De même, pour certains penseurs de la philosophie éternelle, les mystiques ont fait la même expérience transcendante, qui souvent a été "traduite" par des dogmes se différenciant et modifiant plus ou moins le message originel - qui est un.

Au contraire, la plupart des théologiens reconnaissent d'emblée les différences entre leurs religions respectives : différences dans les dogmes essentiels et dans les pratiques qui en sont issues. Ces différences ont d'ailleurs eu des effets dévastateurs, suscitant conflits voire guerres de religions.

Par crainte du fanatisme religieux, pensant y remédier, beaucoup de spiritualistes occidentaux et adeptes de la nébuleuse du "New Age" répètent désormais que "toutes les religions se rejoignent". Ce discours est-il vrai, ou est-il une sorte de "religieusement correct" qui implique le confort intellectuel et le refus de confronter les différentes visions du monde ?

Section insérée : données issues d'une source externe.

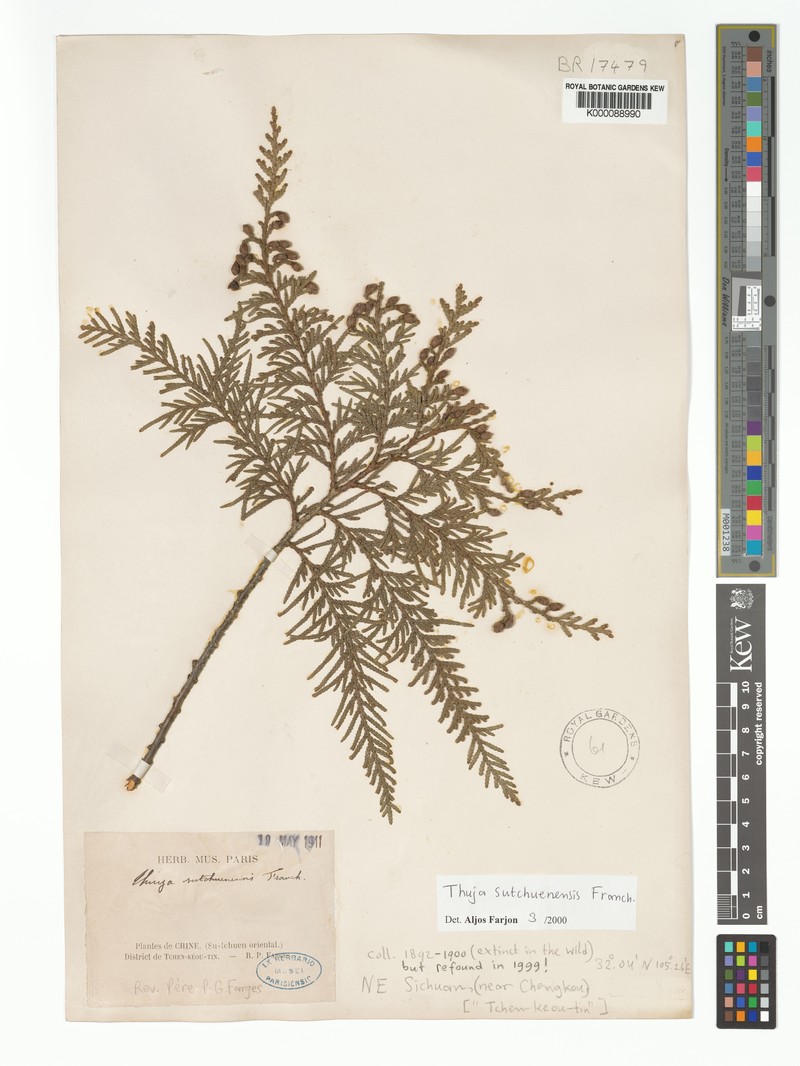 Thuja sutchuenensis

Les religions se rejoignent-elles ?

Carte des familles d'arguments

POUR
CONTRE

Toutes les religions affirment la même vérité
Les religions apportent le même message
Les religions poursuivent la même finalité
Les religions sont fondées sur la même expérience ultime
Les religions reflètent la même tradition primordiale

Les religions s'opposent sur des questions essentielles
Les religions sont en conflit historique
Les religions sont des chemins différents
Les expériences spirituelles divergent
Il y a une diversité irréductible de l'Ultime

Arguments POUR

1. Toutes les religions affirment la même vérité

Dieu est Juste, donc Il délivre la vérité à tous les peuples

Il n'existe qu'un Dieu et qu'une Vérité ; Il y a donc un seul message vrai, qui se trouve donné à chaque peuple. Les différences sont de simples "adaptations" de la Vérité, car Dieu, étant Juste, apporte des moyens de salut à tous les humains.

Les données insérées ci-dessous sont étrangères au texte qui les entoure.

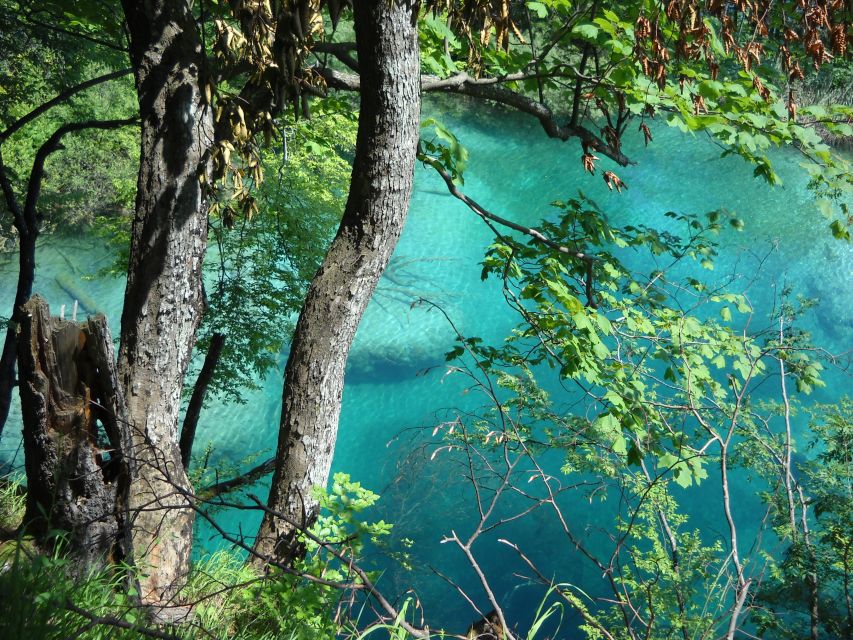 From Split: Plitvice Lakes Full-Day Trip - Who Will Enjoy This Day Trip?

Les religions sont des révélations progressives de l'unique Vérité

Dieu éduque et élève peu à peu l'humanité ; celle-ci n'est pas à même de comprendre l'univers, sa finalité et son Créateur d'emblée ; le Créateur a donc aménagé une révélation progressive, adaptée au niveau de conscience des humains. Les diverses religions sont des moments d'une révélation globale de l'Esprit.

"(...) pour Krishna, bien qu'il n'existe peut être qu'une religion parfaite - la sienne -les autres religions en sont toutefois au moins des approximations, et en conséquence il les encourage toutes." R.C. Zaehner, Inde, Israël, Islam, p. 230.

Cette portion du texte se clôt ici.